STRANGE FRUIT casts its own spell as a unique piece of music, of political oratory, of theatre. As does the Commodore I’LL BE SEEING YOU and (of course) the film clip of FINE AND MELLOW from “The Sound of Jazz,” which I can no longer watch without a lump in my throat.
But the chat afterwards is often even more rewarding. And surprising. Today, for instance, we drifted into a discussion of trained and untrained singing voices, diction, Kate Smith, honoring the song GOD BLESS AMERICA, high drape pants, the Rosenberg children, and more.
Best of all, to me, are the bits of anecdote that surface. If you looked at this crowd, you might sniff dismissively, “Oh, senior citizens from the suburbs. What would they bring to such an experience?” But that assumption would be both unfair and wrong, as today’s experience proved.
A man told me about going to jazz clubs in the Village circa 1948 and sitting there forever for very little money, perhaps a quarter.
A woman off to one side picked up on something I had said about Benny Goodman and told me that her husband’s childhood friend was Jay Finegold, who had been Benny’s manager for a long time in the Fifties and Sixties. I had spoken about Goodman’s focus on his playing — to such an extent that he seemed eccentric, oblivious, or even cruel — and she pointed out that BG came to Jay’s funeral, contradicting much of what I had thought of the King of Swing as a boss or employer.
A woman in the back of the room raised her hand politely and said, “I saw Billie Holiday in a bar on Post Avenue in Westbury.” (An aside: Post Avenue does have two-way car traffic, but it is distinguished by a CVS, a supermarket, various ethnic eateries, donut shops, delis. 52nd Street isn’t and never was.)
I stopped cold and begged her to elaborate.

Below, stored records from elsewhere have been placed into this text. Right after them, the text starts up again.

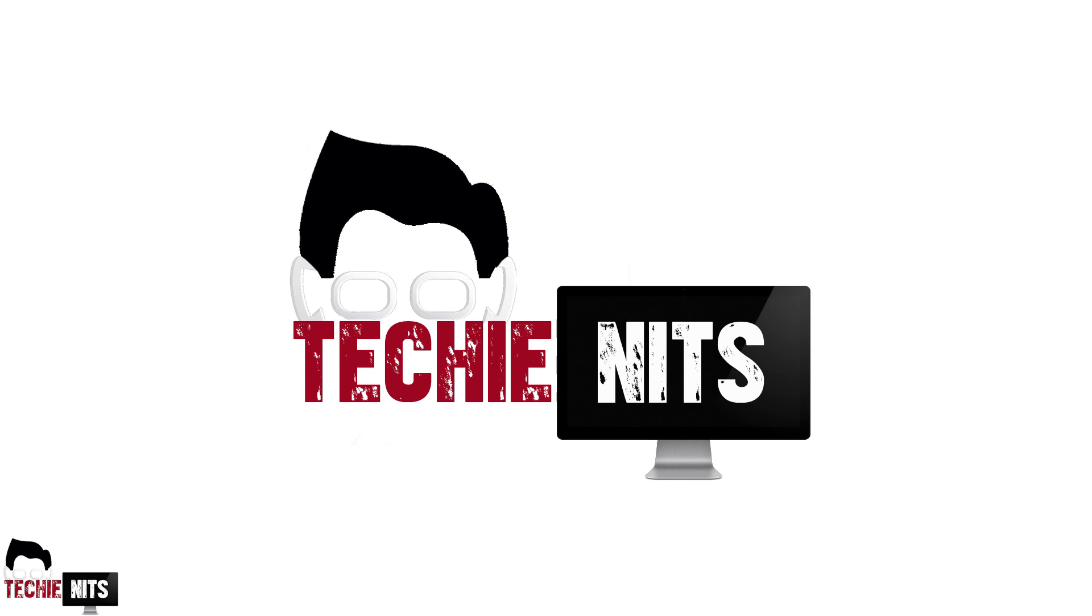I hope this video has helped you. Please do subscribe my channel. Until next video, it's bye from TechieNits. Thank you.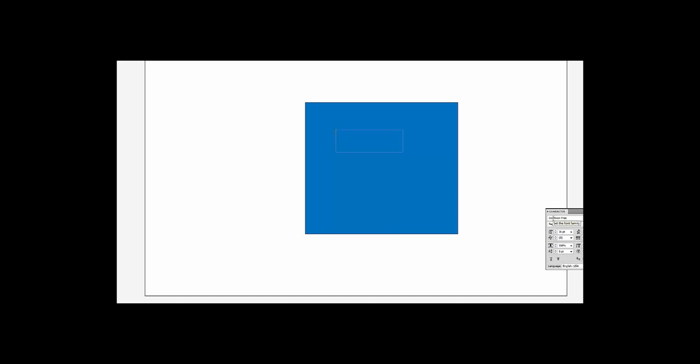Let's see that in action. I'm over here in Illustrator and I'm going to type the word home in. Icomoon free is already selected. I'm going to type in H-O-M-E and as soon as I hit that last character, it changes to the icon.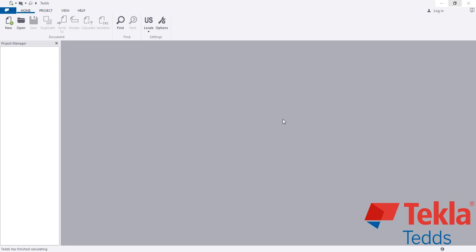Dear viewers, welcome back to School of Civil Engineering. This is Zawla with another new video on Tekla Tedds. In this lecture, I am going to show you how we will design an isolated or single foundation or footing when it is in an eccentric condition.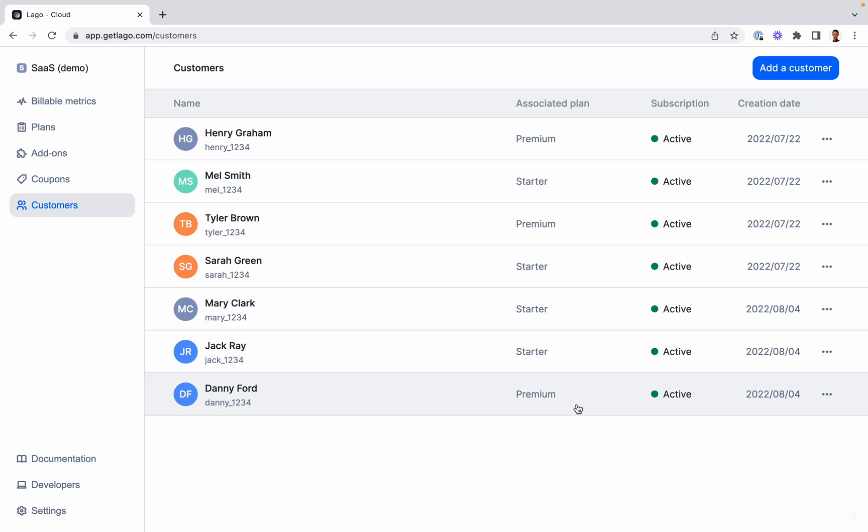Danny just signed up for the premium plan, and as part of this new contract, we offer an implementation service for which we want to charge our customer.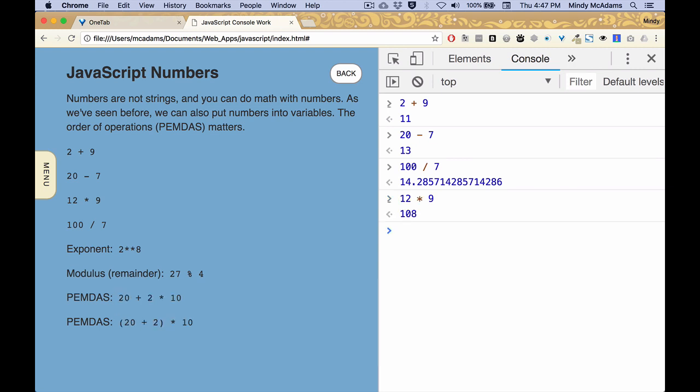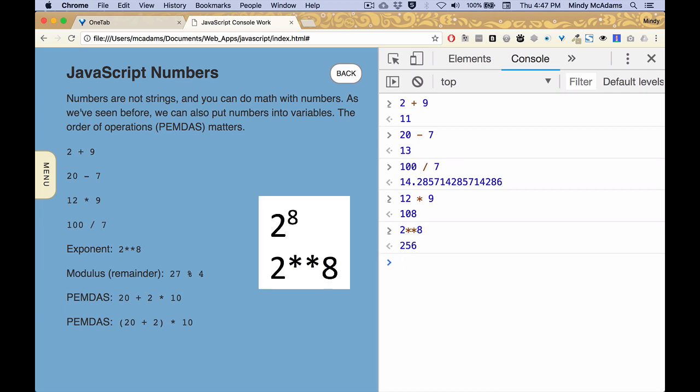So the operators that I've just typed plus minus division and multiplication you're familiar with, you know what those are. You've probably used exponents before but you probably don't know that in computer lingo an exponent is represented by two asterisks. So this is two to the eighth power and that's how you would do that if you ever need to use an exponent which maybe you won't.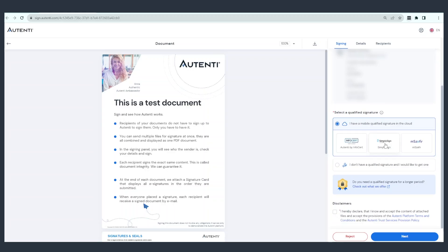Read the content of the file given to you to sign. Then select your eSignature provider — in this case, SimpliSign. Tick the required consents and click Next.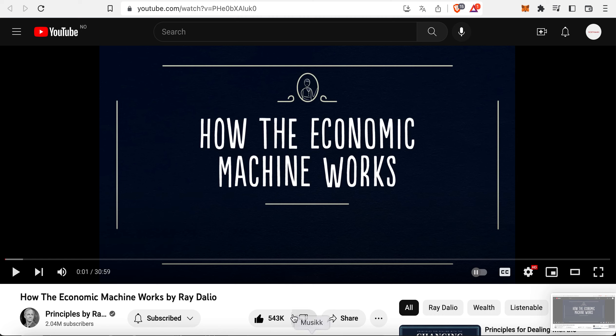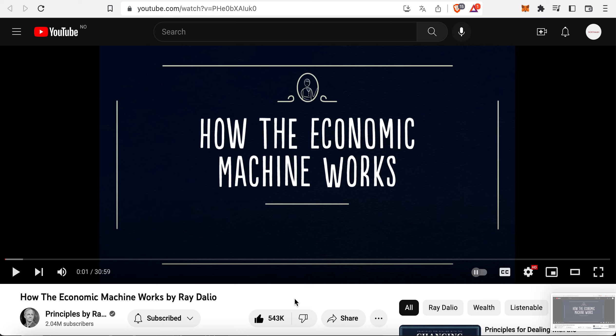Norman speaking, welcome back to the channel. Today I'm going to present to you a new video called How the Economic Machine Works by Ray Dalio. I will not play the video, but I will leave a link down below.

She said that this sighting took place around 1954, that Billie sang beautifully but was so stoned (drunk or high, I didn’t know) that she almost knocked the narrator over on the way to the ladies’ room.

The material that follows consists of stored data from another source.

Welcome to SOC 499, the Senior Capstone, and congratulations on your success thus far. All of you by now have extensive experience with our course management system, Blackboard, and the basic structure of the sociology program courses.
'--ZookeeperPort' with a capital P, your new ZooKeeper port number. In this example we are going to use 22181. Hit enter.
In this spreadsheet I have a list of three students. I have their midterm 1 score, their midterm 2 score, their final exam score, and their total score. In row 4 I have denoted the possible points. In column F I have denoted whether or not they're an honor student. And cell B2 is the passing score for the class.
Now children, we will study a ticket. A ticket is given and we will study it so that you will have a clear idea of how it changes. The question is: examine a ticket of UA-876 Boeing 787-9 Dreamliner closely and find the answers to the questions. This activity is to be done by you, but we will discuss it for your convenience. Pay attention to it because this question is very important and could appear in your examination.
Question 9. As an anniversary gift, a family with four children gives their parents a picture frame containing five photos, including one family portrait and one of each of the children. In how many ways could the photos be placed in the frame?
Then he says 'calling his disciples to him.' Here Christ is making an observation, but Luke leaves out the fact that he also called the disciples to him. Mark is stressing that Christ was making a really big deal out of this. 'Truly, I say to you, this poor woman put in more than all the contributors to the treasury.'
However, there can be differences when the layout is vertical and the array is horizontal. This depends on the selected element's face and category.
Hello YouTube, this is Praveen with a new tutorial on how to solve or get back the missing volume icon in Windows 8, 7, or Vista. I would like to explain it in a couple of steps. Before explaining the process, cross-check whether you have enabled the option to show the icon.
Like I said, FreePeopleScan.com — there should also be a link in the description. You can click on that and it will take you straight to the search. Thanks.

A rather shy woman came up at the end and told me that she and her husband had met at Jimmy Ryan’s in 1941 or 1942. They were high school students who came to dance to the jazz. She remembered sharing a Tom Collins (they were underage but no one cared). And she brought up sacred names: bassist Al Morgan, who gave her a brooch in the shape of a bass, and Zutty Singleton. I beamed at her, awestruck.
On the surface, such talks seem to be one-sided. I am The Expert; I offer information; my hearers might ask a question or two. And sometimes that is what the interchange feels like. But I go away from these experiences thinking that I have been well-taught by the people sitting in front of me. And they have made me feel more than I ever expect.
My hearers have lived the experiences I am explaining in ways that are no longer possible. So to talk with someone who saw Billie or Zutty is something extraordinary, not to be repeated as the years go on. And I am allowed into the most affectionately cherished memories of my audience. In me, a stranger with esoteric enthusiasms, they find someone eager to hear, someone who cares about a small piece of their past. Perhaps they tell me something they haven’t told their children, who know so little of the music of fifty or sixty years ago.
The casual generosity of these people, offering irreplaceable stories, is a rare gift.
[The photographs at top and bottom — showing Billie looking healthy and cheerful — come from a German website, and I believe they were taken during her 1954 European tour. Is the clarinetist a young Tony Scott? I am sure that it is Red Norvo at the vibraharp, as he would have called it.)